What Is Skip Tracing? A Real Estate Investor's Guide
Updated June 17, 2026
Skip tracing is the process of finding a property owner's current contact information — phone numbers, email addresses, mailing address — starting from little more than a name and a property address. Investors use it to turn a list of off-market properties into a list of people they can actually call, text, or email. The data is assembled from public records, credit-header files, and aggregated consumer databases.
Every off-market deal starts with a property and ends with a conversation — and skip tracing is the bridge between them. You can pull a list of absentee owners, tired landlords, or pre-foreclosure properties all day, but a list of addresses isn't a list of people you can reach. Skip tracing closes that gap by matching each record to a phone number and email.
The term comes from skip tracing in collections and investigations — locating someone who has moved or doesn't want to be found. In real estate it's less dramatic: most owners aren't hiding, they just aren't listed at the property because they live somewhere else. The job is matching a public record to a working contact point so your outreach lands on a real phone.
What skip tracing actually does
Skip tracing takes the identifiers you already have — typically an owner name and a property address from county records — and returns the contact details you don't: current phone numbers (often several, ranked by likelihood), email addresses, and the owner's mailing address if it differs from the property. Some services also append relatives, possible associates, and age, which help you confirm you've matched the right person.
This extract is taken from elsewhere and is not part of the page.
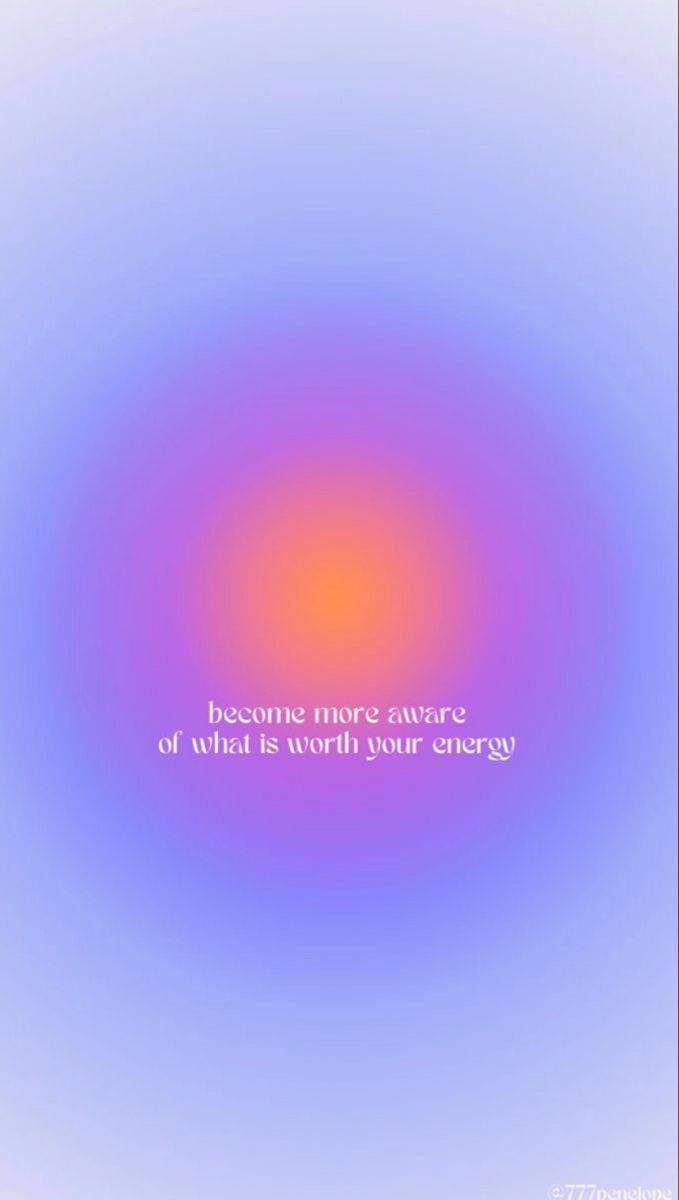 Lilla og orange energi-aura æstetik Wallpapers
The output is only as useful as the match. A good trace returns the owner's actual current cell phone; a bad one returns a disconnected landline from 2015 or, worse, a number that belongs to someone else entirely. That's why match rate and accuracy — not just price — are the numbers that matter when you compare providers.
How the process works
Under the hood, a skip-trace provider takes your input record and queries multiple data sources at once — public records, credit-header data, phone carrier files, and consumer databases. It then resolves all the candidate matches into a single best identity and returns the contacts attached to it. The whole round trip happens in seconds for a single record and minutes for a batch of thousands.
The reason results vary between providers isn't magic; it's which databases they license and how well their matching logic resolves conflicting records. Two services pointed at the same list can return meaningfully different phone numbers because they're drawing from different underlying files and making different calls about which one is current.
Where it fits in the deal workflow
Skip tracing sits in the middle of the acquisition pipeline: pull a list, trace it, then work the contacts through outreach. It's not the first step (that's sourcing the list) and it's not the last (that's the calls, texts, and emails) — it's the enrichment step that makes everything after it possible.
This is the seam where BILT fits the way it's designed to. BILT's stance is own the system, rent the data: you bring the traced contacts — from whatever skip-trace source you prefer — and BILT works them through cold email, SMS, and AI follow-up. The trace produces the phone and email; BILT turns those into conversations at scale.
Frequently asked
What is skip tracing in real estate?
It's the process of finding a property owner's current phone and email starting from a name and address. Investors use it to convert lists of off-market properties — absentee owners, pre-foreclosures, inherited homes — into contactable people they can call, text, or email.
Is skip tracing legal?
Yes, for property-related and other permissible purposes. The data comes from public records and licensed consumer databases. What's regulated is how you use the contacts afterward — calling and texting must respect DNC registries and TCPA consent rules — not the trace itself.
What information do I need to skip trace a property?
At minimum, the property address; the owner's name makes the match far more accurate. Most county-record exports already include both. The more identifiers you provide, the more confidently a service can resolve the right person and return current contacts.
How accurate is skip tracing?
It varies by provider and data freshness. A solid service returns at least one usable contact on a large majority of records, but no trace is perfect — people change numbers constantly. Treat the output as best-available leads to verify through outreach, not guaranteed-current data.
The takeaway
Skip tracing turns a property address into a person you can reach — matching public records, credit-header data, and consumer databases into a current phone and email. It's the enrichment step between sourcing a list and working it. Get accurate contacts, then run them through a system built to follow up: that's the trace-to-conversation workflow BILT is built to finish.